In-and-Out Burger Baby

“In-and-Out Burger” Is heading for big D town. Over the years the California chain of In-and-Out- has decided slowly but surely to expand it’s horizons to other states. And expanding I meant tip toeing since only three other states, besides California and soon to be Texas, have In-and-Out Burgers; Arizona, Nevada, and Utah. The scarcity of this burger place around America sharply raises it’s demand for these burgers. And when I say sharply, I am probably under exaggerating. The In-and-Out Burger franchise is flying out their top “burger makers,” as they are calling them, to Texas to make sure that the burgers are made correctly. Not only will this increase in jobs around the Dallas area, but also intensify the battle of the burgers. Competition of other burger joints like Whataburger, Mcdonalds, and any other fast food place that sells burgers, will increase dramatically. But, one question does remain. Will this trend of opening and establishing of In-and-Out Burgers happen all over the country? If so, will the demand of burgers from In-and-Out drop to a point that the uniqueness of these burgers are lost?

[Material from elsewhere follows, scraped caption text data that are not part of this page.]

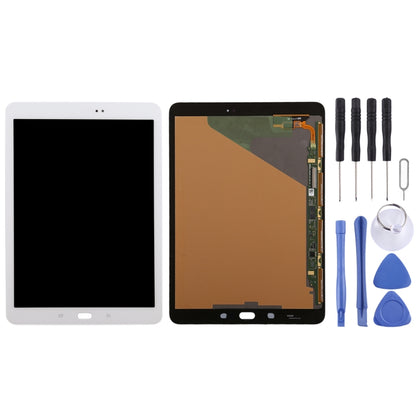 Original Super AMOLED LCD Screen for Galaxy Tab S2 9.7 / T815 / T810 / T813 with Digitizer Full Assembly (White) - LCD Screen by buy2fix | Online Shopping UK | buy2fix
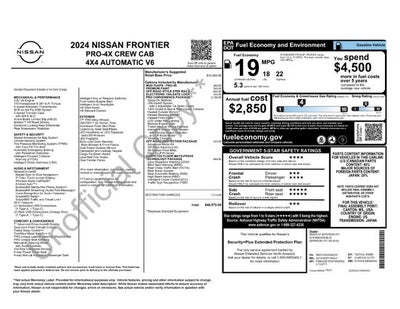 2024 Nissan Frontier PRO-4X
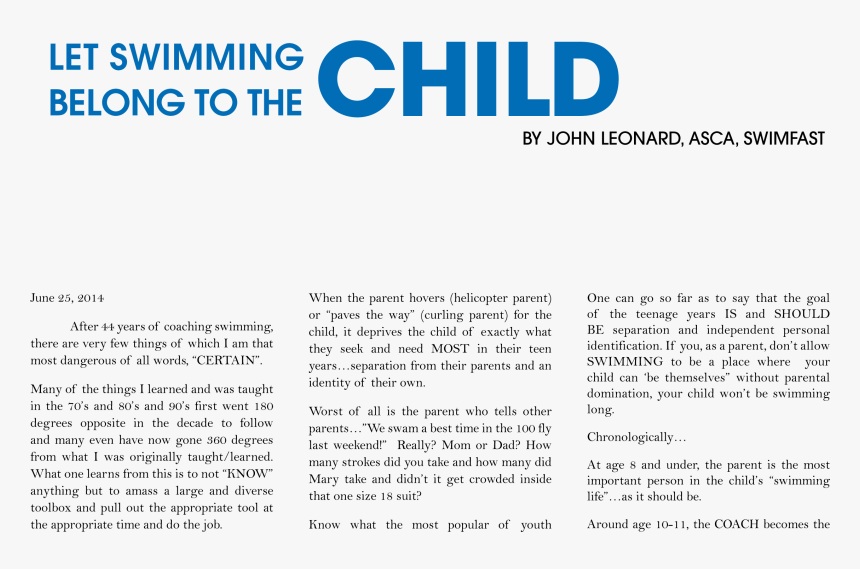 Let Swimming Belong To The Child - Belotero, HD Png Download, Free Download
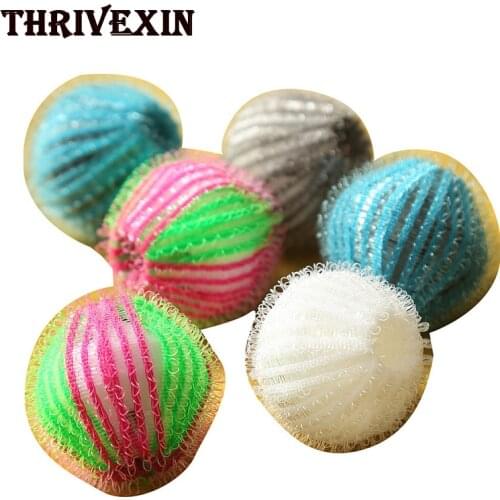 6Pcs Magic Pet Hair Removal Laundry Ball Dog Hairs Suction Ball Cat Hair Remover Cleaning Washing Machine Household
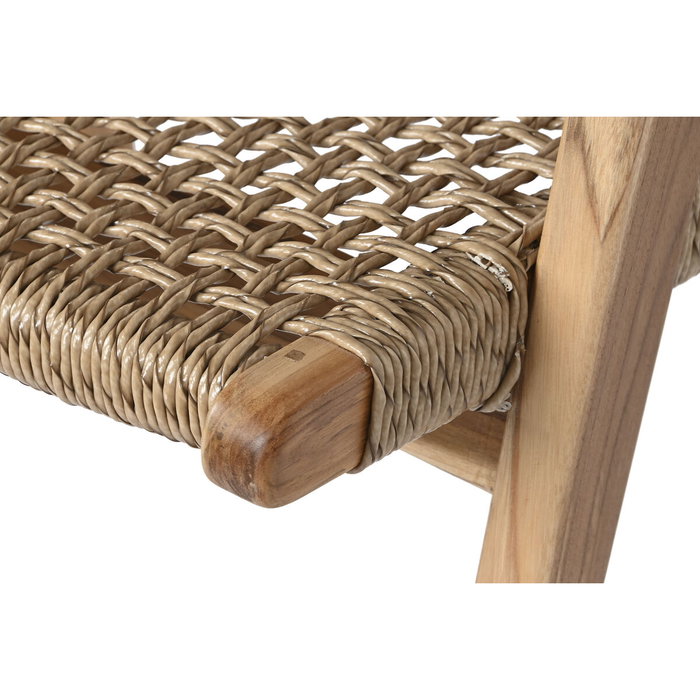 DKD Home Decor Chaise à Accoudoirs Beige Naturel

Small comfort: Gas prices break their streak

Finally, after a more than a month of gas prices rising daily, the price of gas fell one tenth of a cent ($3.984). Over the past couple of months, consumers have been spending thousands of dollars on gas alone, leaving many questioning the future prices on gas. Although this decrease of one tenth of a percent is a change from the constant rising prices, does it provide a sense of comfort for the consumers? Oil is cheaper than gasoline, and when measured, for every $1 of oil a barrel is dropped, 2.2 cents off of gas prices are knocked off. With $10 falling in the stock market of crude oil, gas seemed to have a stand still. As the price of oil lowers, gas should be at ease for a little. Gas is an inelastic demand, though, meaning no matter the change in prices, the demand for Gas will always stay the same. It’s a necessity to the everyday life of a consumer. But this doesn’t stop them from cutting back. If consumers cut back, investors grow nervous and jobs are then lost and economy starts declining. Summer trips planned by families across America are in question to be carried out or not. With gas prices, for the moment, standing still, can there be a short sense of comfort for the price of gas in the future or not? Or will gas continue to rise?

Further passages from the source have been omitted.